The other major impact occurred as the debts were paid and the currency redeemed. Unlike what has happened since World War II, the government did not long continue most of its inflationary war practices. It moved toward retirement of the bonded indebtedness as the bonds matured. Eventually it redeemed, or offered to redeem, the Greenbacks in specie. National bank notes in circulation were reduced or retired as the government reduced its debt. Since the bonds had floated in the market and the Greenbacks depreciated after they were issued, it was possible to trade in these for profit. Since interest on the bonds was always payable in specie, exceedingly good returns were possible by buying them at discount and collecting interest in premium money. There were widespread accusations, too, in the decades after the war that government bonds had been bought with 50-cent dollars and paid back with 100-cent dollars. There was some substance to the charge, but my point is that handsome private accumulations of capital could be had at the expense of taxpayers generally in this situation.
Since it is easy to misinterpret these events, and since it has been done often enough, let me restate the broad point I am making and summarize what has been presented so as to bring it as directly as possible to bear on that point. The conception I am working with is that when government intervenes in the economy it produces distortions and may have determinative impact on the direction of economic development. Further, my broad point is that a sectional party, the Republican party, came to power at the time of the Civil War, that it centralized power in the national government, and used that power to intervene in the economy so as to promote a nationally integrated economy, especially by the promotion of capital concentration, manufacturing, and the development of transportation. The developments which followed in the latter part of the nineteenth century were shot through with the impact of government intervention.
The Destruction of Wealth
The most drastic intervention, of course, was the destruction of a large portion of the wealth of the South. The emancipation of the slaves—surely, a desirable outcome—was accomplished in the most disruptive and vindictive manner conceivable, and the canceling of all debts left many Southerners in financial ruin. The protective tariffs were the most direct sort of intervention, aimed at discouraging foreign trade and promoting domestic manufactures and goods. The government commenced a policy of large grants for the promotion of transportation. The inter ventions in the money supply were multiple: fostering national banks, giving precedence to their bank notes, stopping redemption in specie during the war, issuing Greenbacks, and gaining national control of the money supply. It was this surreptitious financing of the war rather than the later redemptions that was the intervention and the source of the ills.

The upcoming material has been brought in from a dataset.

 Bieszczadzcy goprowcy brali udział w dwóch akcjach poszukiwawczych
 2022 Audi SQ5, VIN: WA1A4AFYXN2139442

It was these and other interventions that contributed so heavily to the ills most historians have identified in the latter part of the nineteenth century: the greatly accelerated, hasty and shoddy railroad building, the lopsided thrust to industrialization, the financial shenanigans, the surge of farmers into Western lands that could not support them, and the booms and busts that followed upon expansions and reductions of the money supply. Economic freedom does no more than provide opportunities; government intervention thrusts economic development along political lines that are dangerous to the well-being of the populace. 
4. See Bray Hammond, “Banking in the Early West: Monopoly, Prohibition, and Laissez Faire” in Thomas C. Cochran and Thomas B. Brewer, Views of American Economic Growth, vol. I (New York: McGraw-Hill, 1966), pp. 171-88.